CPTED is a set of deliberate design strategies to discourage crime before it happens. By increasing the risk of being seen or caught, it’s often enough to make would-be offenders give up without committing a crime.

The Pillars of CPTED

CPTED accomplishes this via a wide variety of rules, guidelines, and tactics in one of its five core pillars:

  1. Natural Surveillance
  2. Natural Access Control
  3. Territorial Reinforcement
  4. Activity Support
  5. Maintenance

Few things stick out as much as someone standing in an area they’re not supposed to be. Go behind the yellow caution tape or velvet rope, and everyone in the vicinity will suddenly be very interested in you and your activity.

And that’s the idea behind the second pillar of CPTED, natural access control.

Natural Access Control

Natural access control uses a series of design principles to reduce the number of opportunities for crime to take place.

There is public space and there is private space, but sometimes the lines between them get blurry. Natural access control fixes that by guiding people in and out of a space using signs, barriers, and other cues.

When it is very clear where people should be, it becomes glaringly obvious when someone crosses that boundary into a place they should not be. And that attracts a lot of unwanted attention for a would-be criminal.

“There must be a clear demarcation between what is public space and what is private space. Public and private spaces cannot ooze into each other as they do typically in suburban settings or in projects.” ~Jane Jacobs, The Death and Life of Great American Cities

Natural Access Control in the Real World

Most of us follow the cues that guide us from one place to the next: we walk on the sidewalk or pathway, we obey signs that say “No Trespassing” or “Parking Prohibited,” and we respect barriers, walls, locked doors, and fences designed to keep us out of a particular space.

Ignore those “rules,” and you stick out to others. You’ve broken that silent agreement. Few things say “I don’t belong here” more than stepping off the marked path, lingering in a no-parking zone, or hopping over a fence.

And that’s natural access control doing its thing.

Pathways, signage, lighting, and borders—hedges, other plants, fences, and so on—let us direct the flow of foot traffic, which allows us to differentiate immediately between where people should and should not be.

Public space: good. Private space: suspicious.

Someone in an area that required them to step over a small border wall and ignore a “No Trespassing” sign or security cameras is already acting suspiciously, which means increased scrutiny and more eyes on them before they’ve done anything else.

Criminals want to avoid this. They want to blend in and disappear. Natural access control reduces if not eliminates their ability to do so.

A well-lit walkway from the road to the front door makes the individual lurking at the side of a house at greater risk of scrutiny. Likewise, any individual on property that’s surrounded by a fence—even one that they can easily step over—or behind a gate, even an unlocked one, draws attention.

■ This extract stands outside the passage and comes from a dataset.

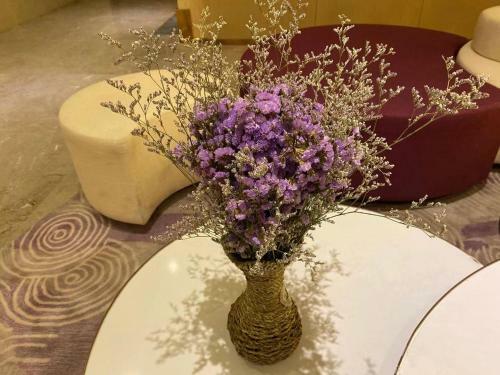 Lavande Hotel Jiangmen Golf Club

They simply shouldn’t be there, and others can immediately recognize that they shouldn’t be there. Natural access control provides convenient guidance for the rest of us while simultaneously shining a spotlight on anyone who ignores the existing cues.

Other design elements include:

  • Single point of entry
  • Restricted access to private, internal spaces with barriers, doors, and signage
  • Sidewalks, roads, and pathways that funnel traffic into appropriate public spaces
  • Barriers to prevent unauthorized use of spaces
  • Low, open-type fencing that indicates private space, but does not prevent natural surveillance
  • Eliminating design features that grant access to roofs or higher windows
  • Locking windows and doors
  • Thorny plants around first-floor windows and other potential points of access

We encounter natural access control all around us, just living our day-to-day lives. Most respect the cues they provide and take heed of the simple message.

And when we don’t, that’s a giant red flag to others that something isn’t right. Combined with natural surveillance, natural access control makes it easy for everyone to identify suspicious behavior and note the individual doing it.

It’s good for you and your home or business. It is bad for those looking for an easy target.